**Extracted data**.

▼

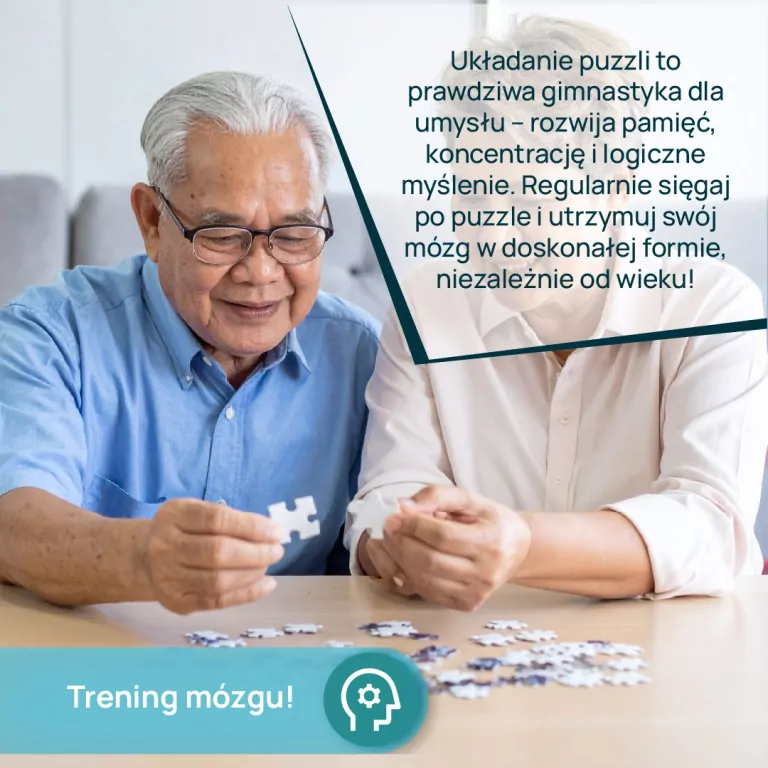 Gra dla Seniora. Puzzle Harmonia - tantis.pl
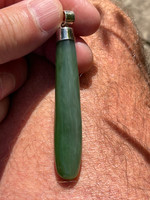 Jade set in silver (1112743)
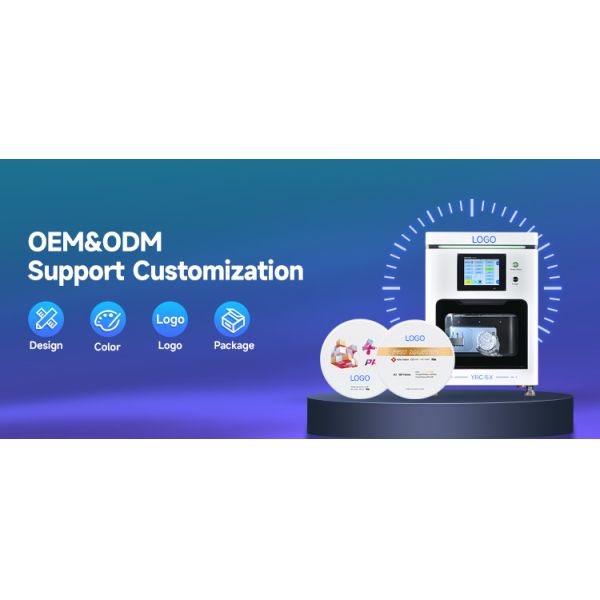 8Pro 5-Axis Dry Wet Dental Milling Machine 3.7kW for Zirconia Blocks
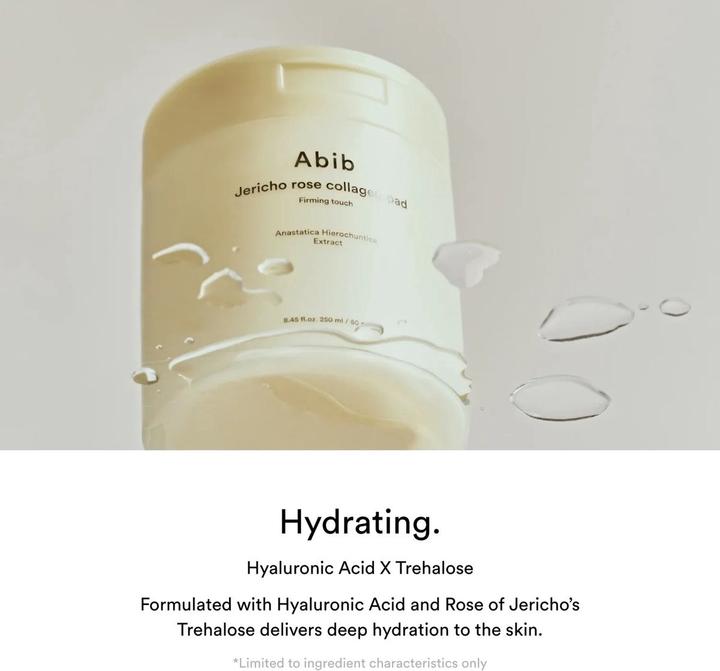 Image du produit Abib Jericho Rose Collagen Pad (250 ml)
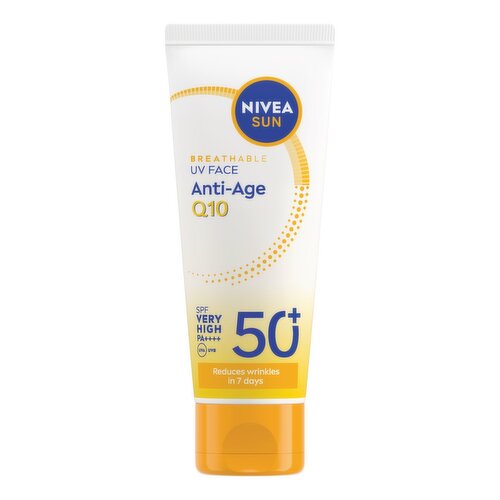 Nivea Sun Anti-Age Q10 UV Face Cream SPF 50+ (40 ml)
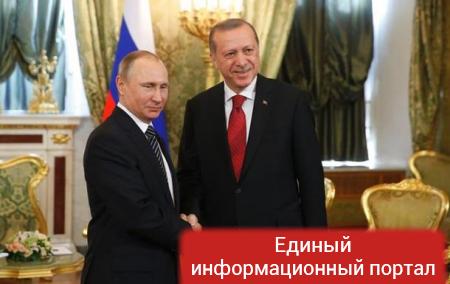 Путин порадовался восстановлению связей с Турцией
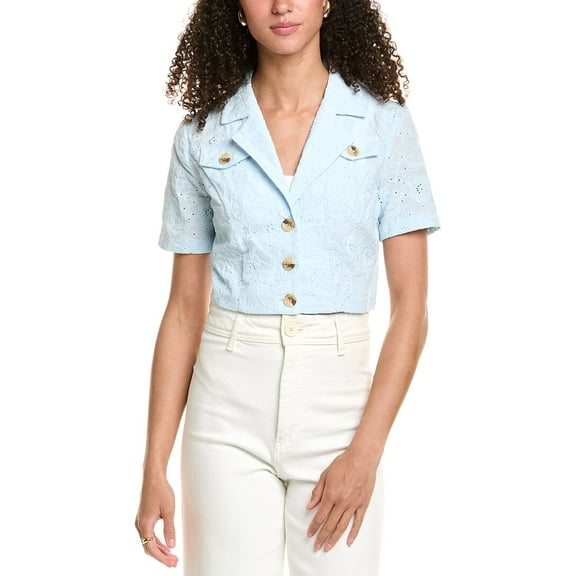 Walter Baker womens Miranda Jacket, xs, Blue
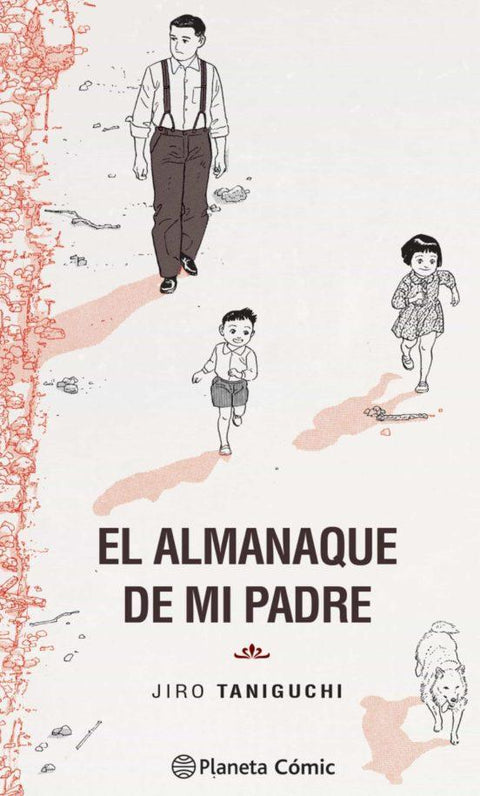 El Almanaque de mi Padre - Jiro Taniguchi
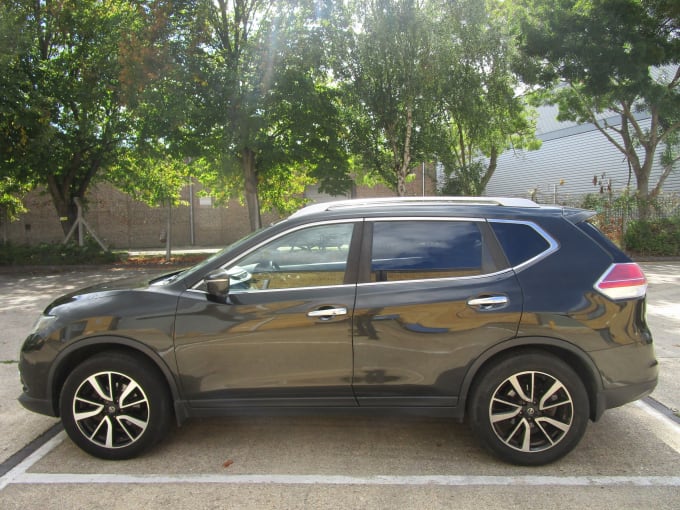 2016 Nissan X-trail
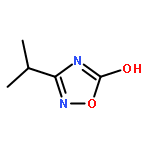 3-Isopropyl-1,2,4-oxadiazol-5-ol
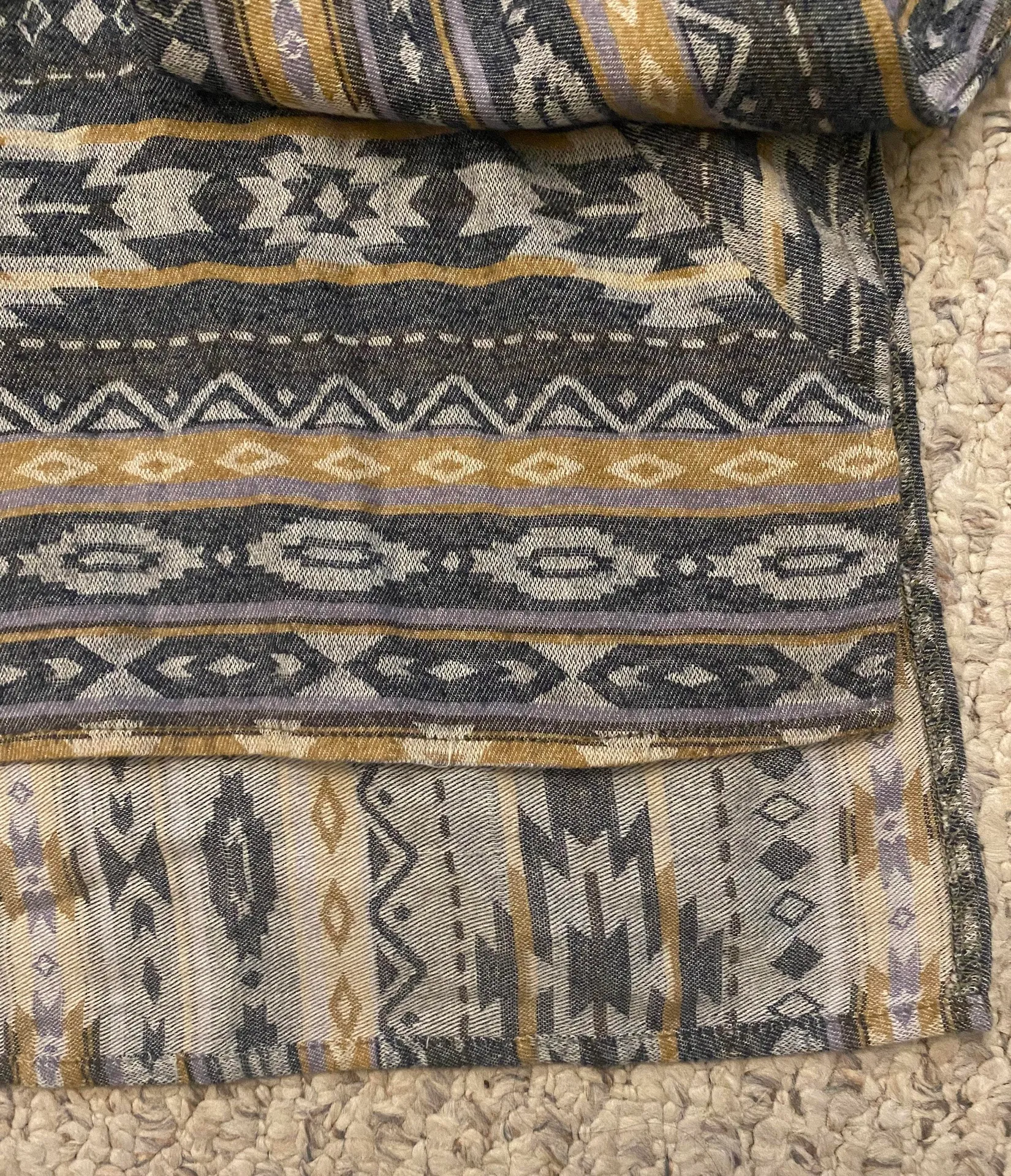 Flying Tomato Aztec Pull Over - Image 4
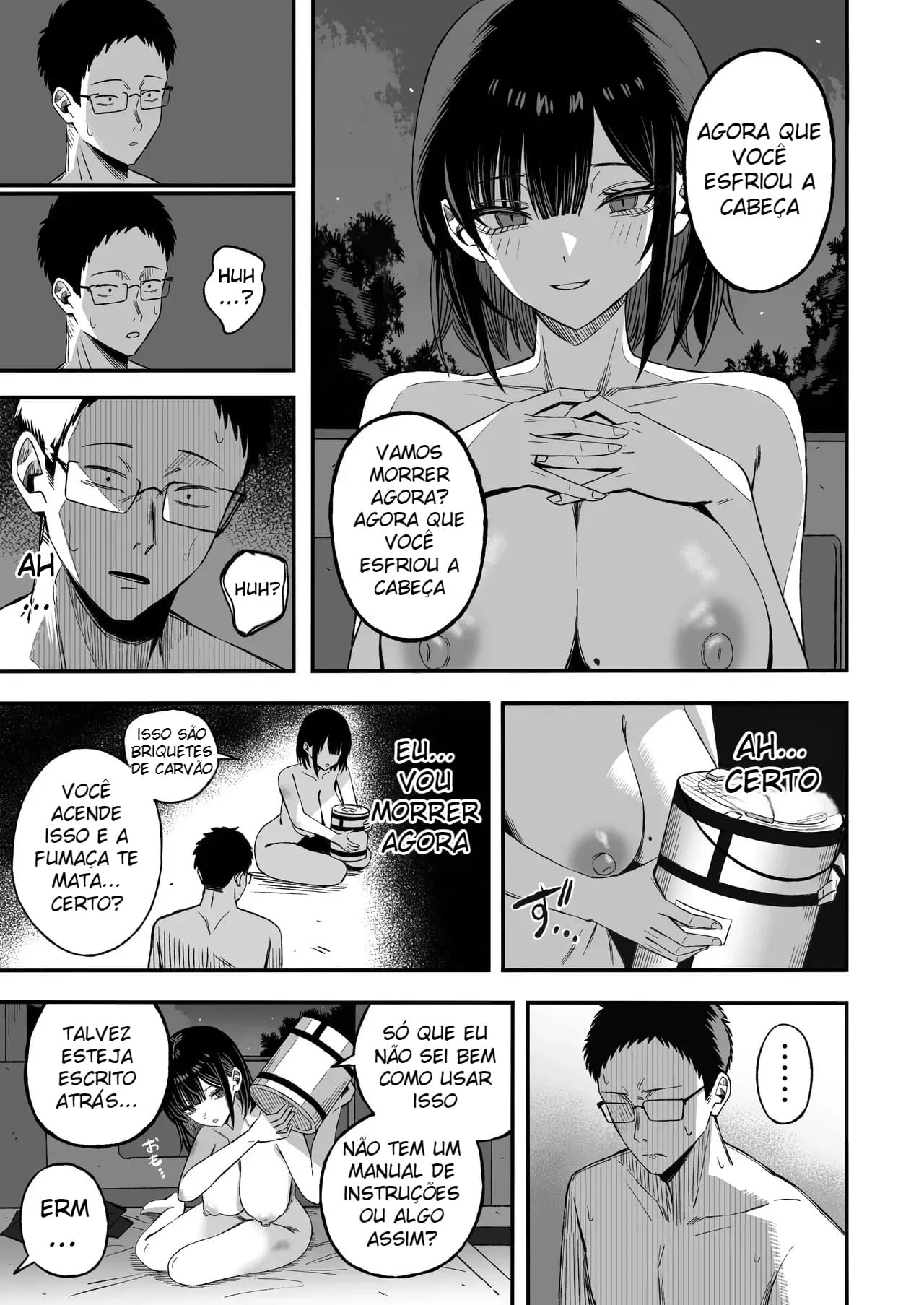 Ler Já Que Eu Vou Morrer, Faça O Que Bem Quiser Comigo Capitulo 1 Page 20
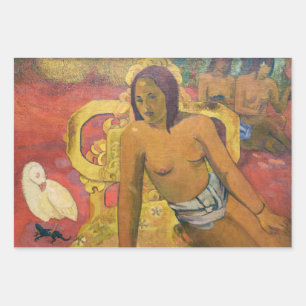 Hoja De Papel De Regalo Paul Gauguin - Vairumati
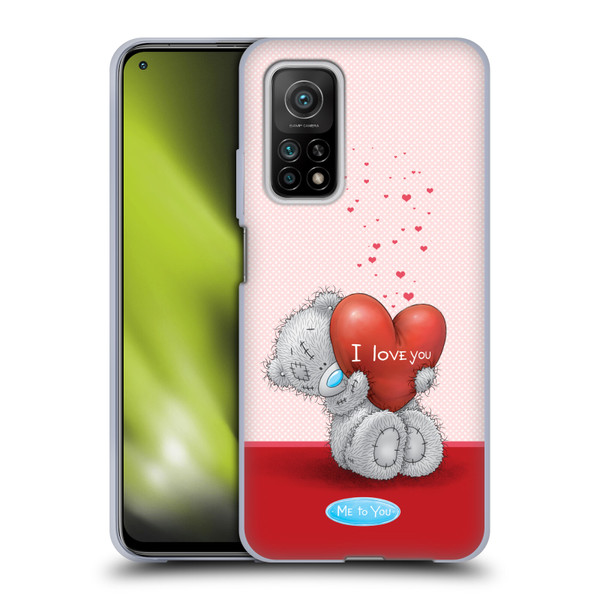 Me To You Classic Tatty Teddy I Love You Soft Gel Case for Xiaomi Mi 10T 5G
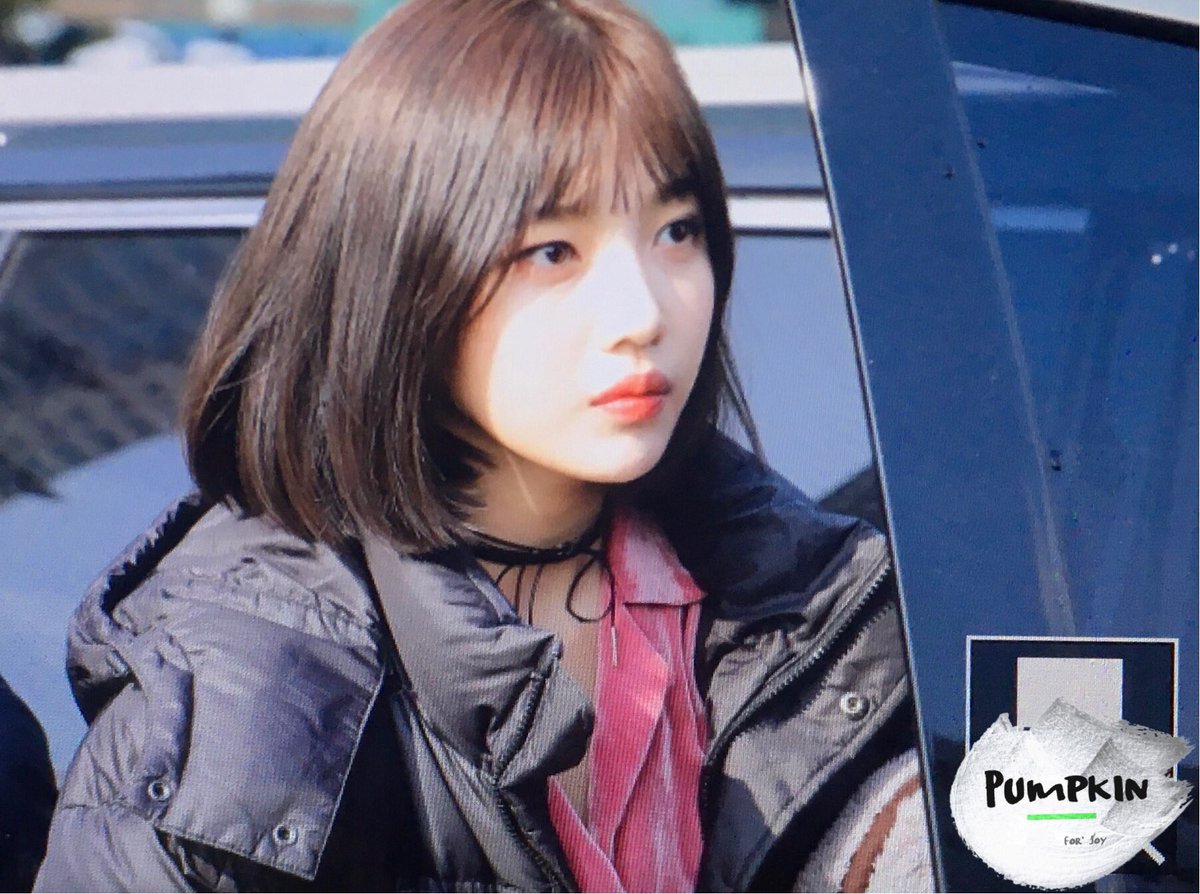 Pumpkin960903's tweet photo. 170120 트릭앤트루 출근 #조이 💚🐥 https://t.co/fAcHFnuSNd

▲

**What you have to do**. Give the lines from the one containing "Image du produit" through the last line of the material again, exactly and with no pictures, both ends included.

**Task answer**.
 Image du produit Abib Jericho Rose Collagen Pad (250 ml)
 Nivea Sun Anti-Age Q10 UV Face Cream SPF 50+ (40 ml)
 Путин порадовался восстановлению связей с Турцией
 Walter Baker womens Miranda Jacket, xs, Blue
 El Almanaque de mi Padre - Jiro Taniguchi
 2016 Nissan X-trail
 3-Isopropyl-1,2,4-oxadiazol-5-ol
 Flying Tomato Aztec Pull Over - Image 4
 Ler Já Que Eu Vou Morrer, Faça O Que Bem Quiser Comigo Capitulo 1 Page 20
 Hoja De Papel De Regalo Paul Gauguin - Vairumati
 Me To You Classic Tatty Teddy I Love You Soft Gel Case for Xiaomi Mi 10T 5G
 Pumpkin960903's tweet photo. 170120 트릭앤트루 출근 #조이 💚🐥 https://t.co/fAcHFnuSNd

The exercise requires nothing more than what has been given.